WHAT YOU NEED TO DO :: The reply should contain only the lines from the start of the records through the line with "Million Charms 14K", reproduced verbatim and without pictures.

[Captioned web images]
- - - -
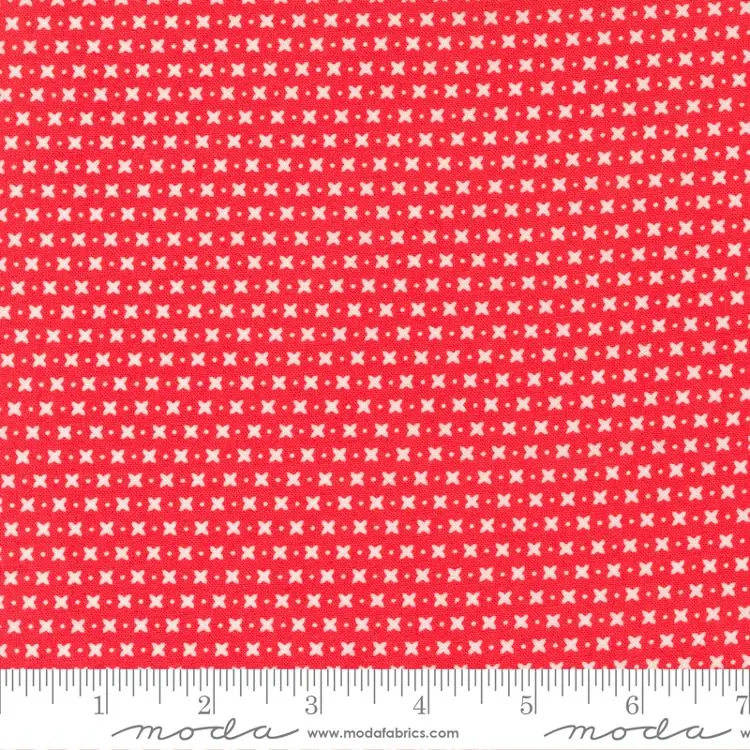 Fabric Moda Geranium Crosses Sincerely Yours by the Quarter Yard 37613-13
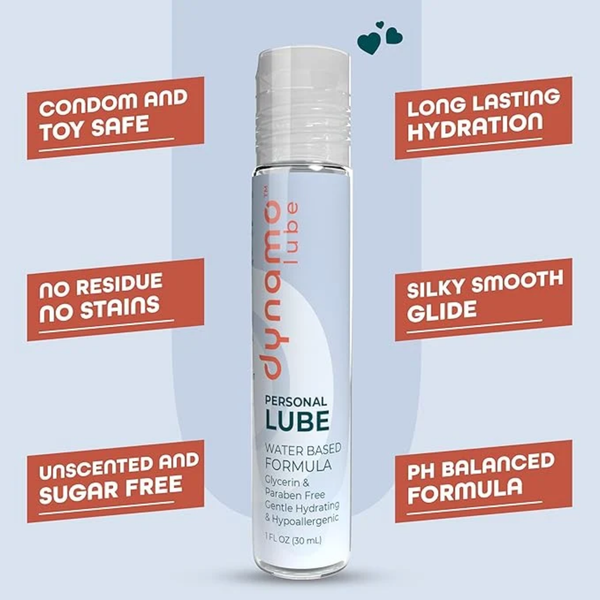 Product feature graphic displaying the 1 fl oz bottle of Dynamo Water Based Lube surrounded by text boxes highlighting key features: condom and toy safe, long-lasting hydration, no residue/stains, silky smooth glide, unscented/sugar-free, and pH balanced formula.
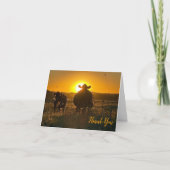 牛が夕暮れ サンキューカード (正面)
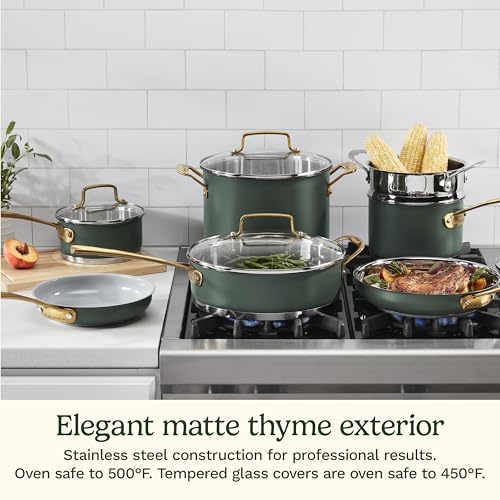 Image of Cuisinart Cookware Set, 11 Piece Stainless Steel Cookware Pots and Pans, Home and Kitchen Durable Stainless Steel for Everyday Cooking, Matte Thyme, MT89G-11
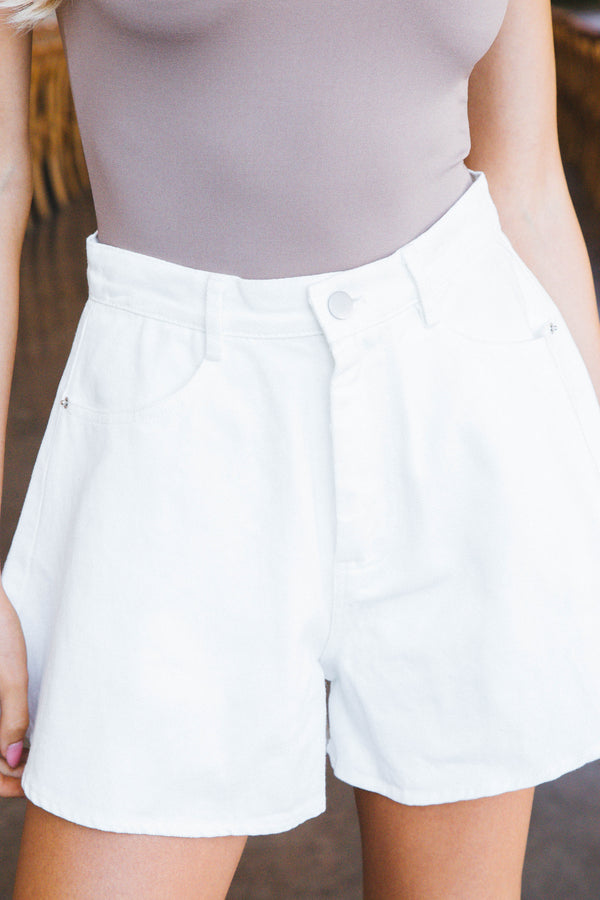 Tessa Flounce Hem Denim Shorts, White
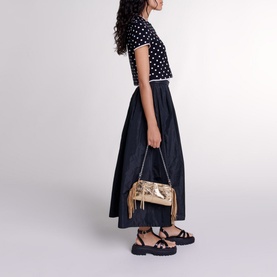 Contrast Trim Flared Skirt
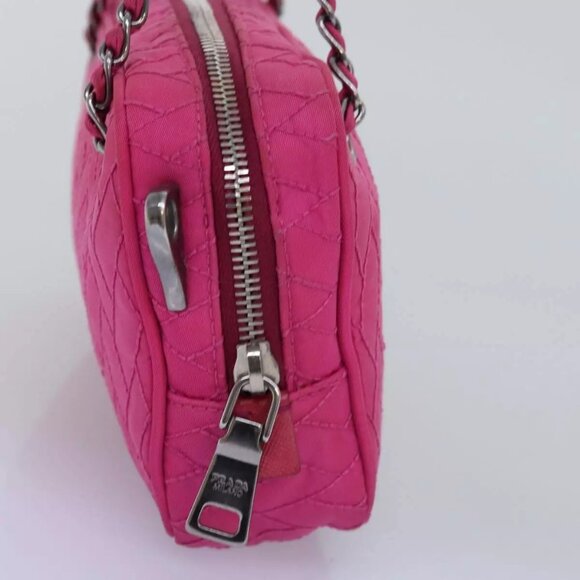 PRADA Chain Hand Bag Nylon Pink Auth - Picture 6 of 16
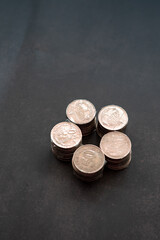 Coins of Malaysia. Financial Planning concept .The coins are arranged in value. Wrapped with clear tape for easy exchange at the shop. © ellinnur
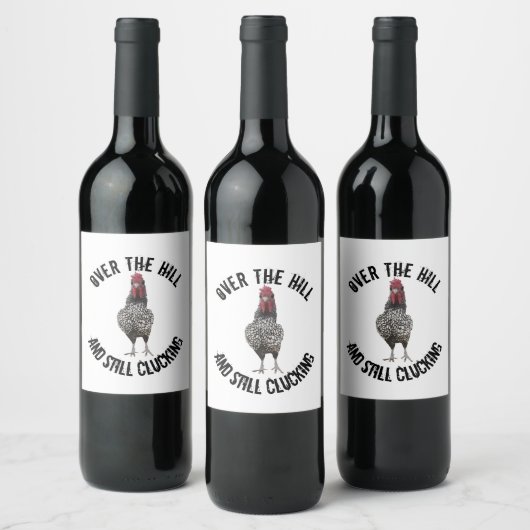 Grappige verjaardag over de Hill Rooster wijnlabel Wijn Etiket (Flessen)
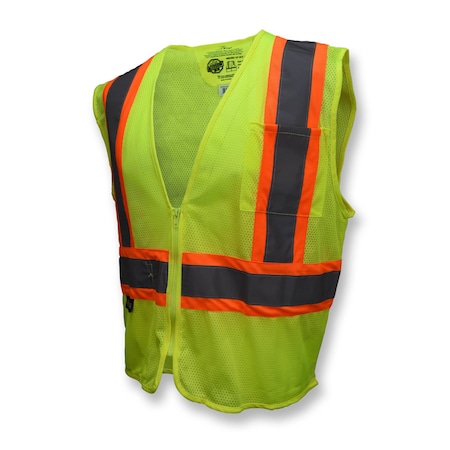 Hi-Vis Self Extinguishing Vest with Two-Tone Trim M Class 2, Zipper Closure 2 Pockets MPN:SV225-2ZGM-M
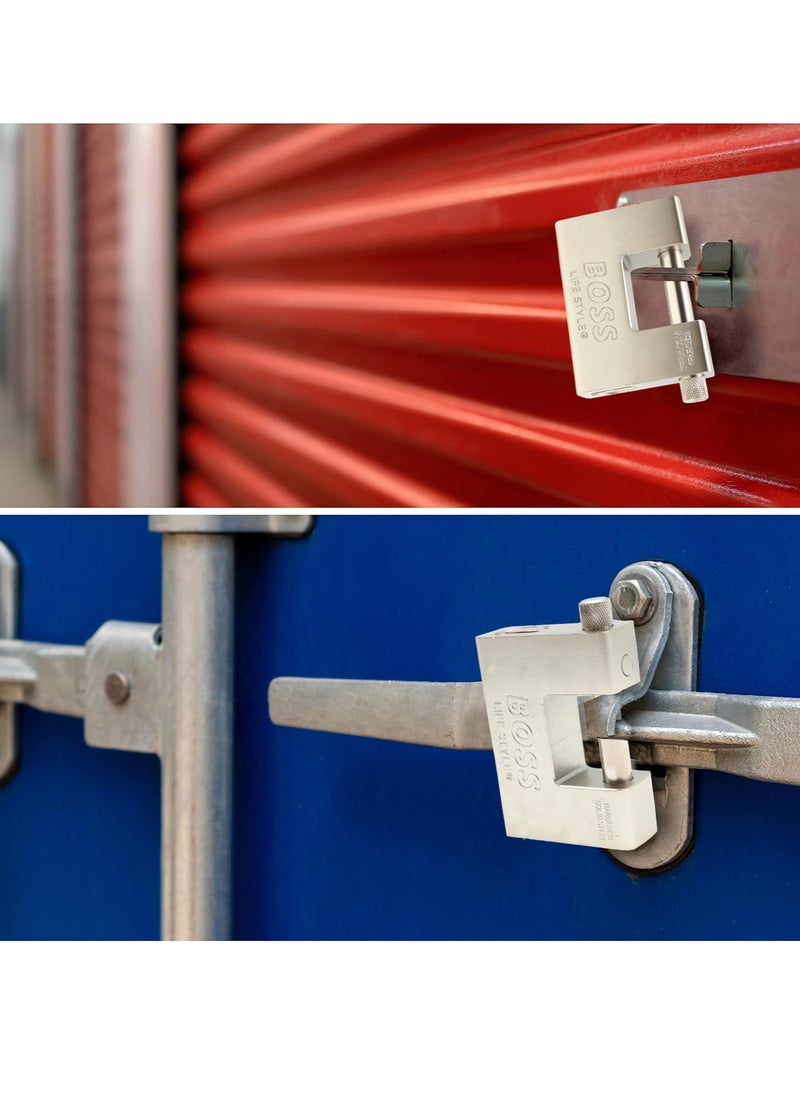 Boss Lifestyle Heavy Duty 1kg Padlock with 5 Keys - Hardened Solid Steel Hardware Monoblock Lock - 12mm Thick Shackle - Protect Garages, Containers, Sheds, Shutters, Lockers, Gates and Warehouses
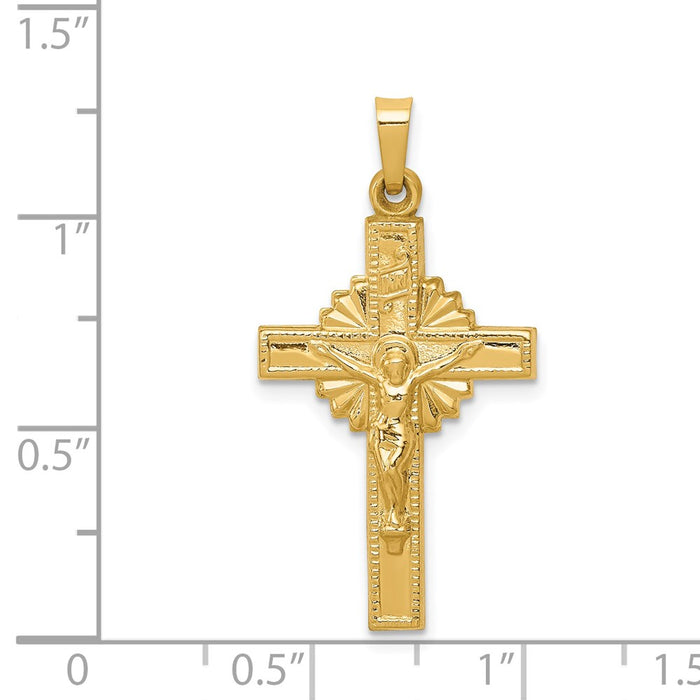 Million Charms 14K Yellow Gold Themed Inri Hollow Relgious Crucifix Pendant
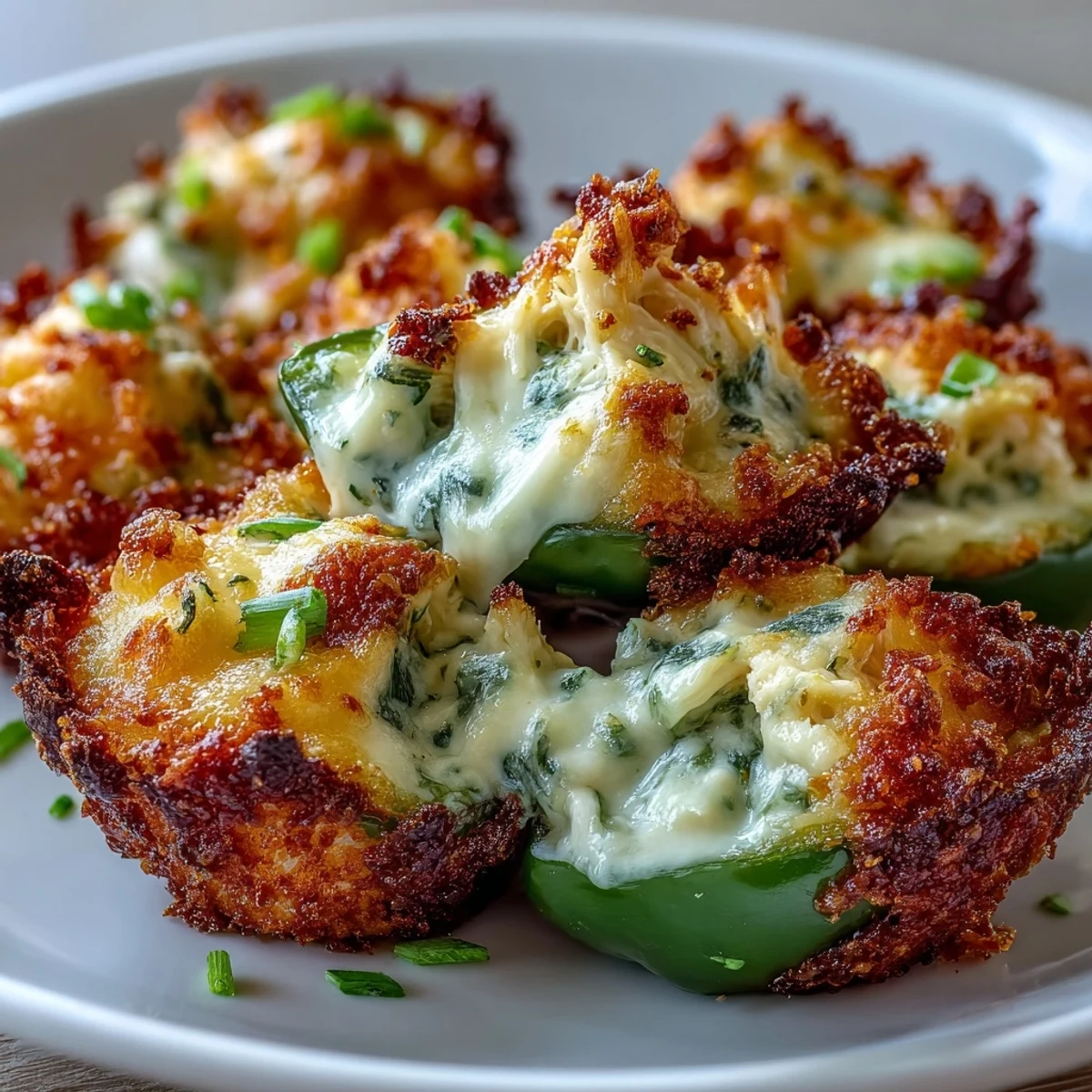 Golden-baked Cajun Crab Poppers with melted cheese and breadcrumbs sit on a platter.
- - - -
WRITTEN RESPONSE ::
 Fabric Moda Geranium Crosses Sincerely Yours by the Quarter Yard 37613-13
 Product feature graphic displaying the 1 fl oz bottle of Dynamo Water Based Lube surrounded by text boxes highlighting key features: condom and toy safe, long-lasting hydration, no residue/stains, silky smooth glide, unscented/sugar-free, and pH balanced formula.
 牛が夕暮れ サンキューカード (正面)
 Image of Cuisinart Cookware Set, 11 Piece Stainless Steel Cookware Pots and Pans, Home and Kitchen Durable Stainless Steel for Everyday Cooking, Matte Thyme, MT89G-11
 Tessa Flounce Hem Denim Shorts, White
 Contrast Trim Flared Skirt
 PRADA Chain Hand Bag Nylon Pink Auth - Picture 6 of 16
 Coins of Malaysia. Financial Planning concept .The coins are arranged in value. Wrapped with clear tape for easy exchange at the shop. © ellinnur
 Grappige verjaardag over de Hill Rooster wijnlabel Wijn Etiket (Flessen)
 Hi-Vis Self Extinguishing Vest with Two-Tone Trim M Class 2, Zipper Closure 2 Pockets MPN:SV225-2ZGM-M
 Boss Lifestyle Heavy Duty 1kg Padlock with 5 Keys - Hardened Solid Steel Hardware Monoblock Lock - 12mm Thick Shackle - Protect Garages, Containers, Sheds, Shutters, Lockers, Gates and Warehouses
 Million Charms 14K Yellow Gold Themed Inri Hollow Relgious Crucifix Pendant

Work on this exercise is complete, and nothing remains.